**COLLECTED DATA:**
[Start of Attachment]
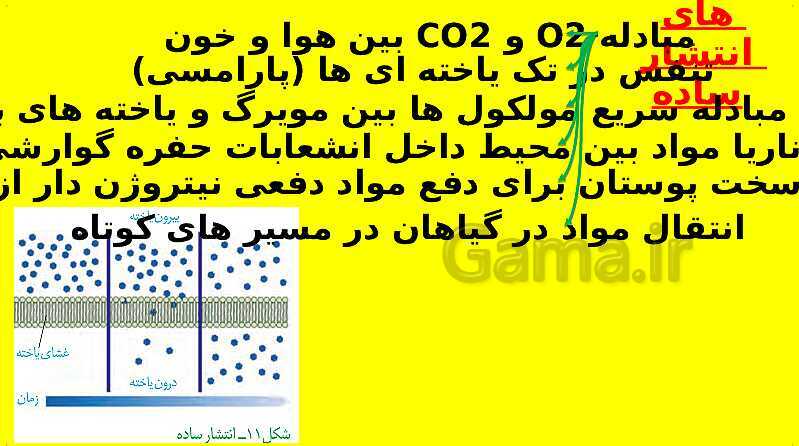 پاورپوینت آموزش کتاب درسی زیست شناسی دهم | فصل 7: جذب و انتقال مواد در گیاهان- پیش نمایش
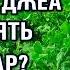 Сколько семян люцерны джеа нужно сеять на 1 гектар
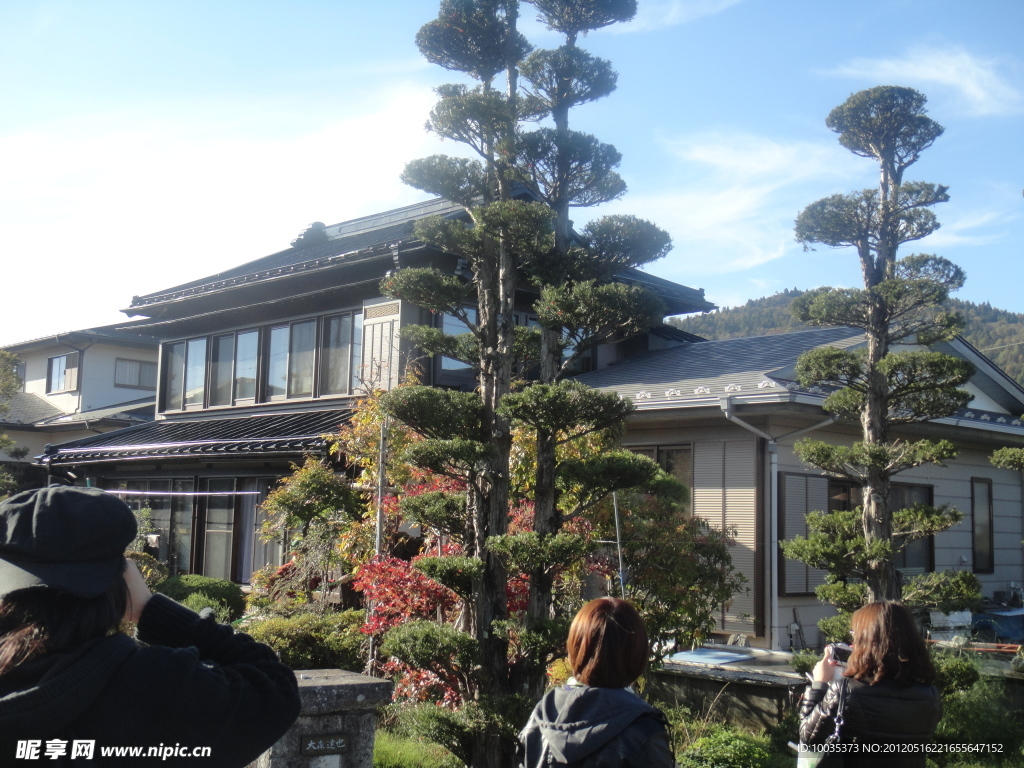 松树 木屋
[End of Attachment]
Start at the first line and set down all of the data exactly, passing over the pictures.

 پاورپوینت آموزش کتاب درسی زیست شناسی دهم | فصل 7: جذب و انتقال مواد در گیاهان- پیش نمایش
 Сколько семян люцерны джеа нужно сеять на 1 гектар
 松树 木屋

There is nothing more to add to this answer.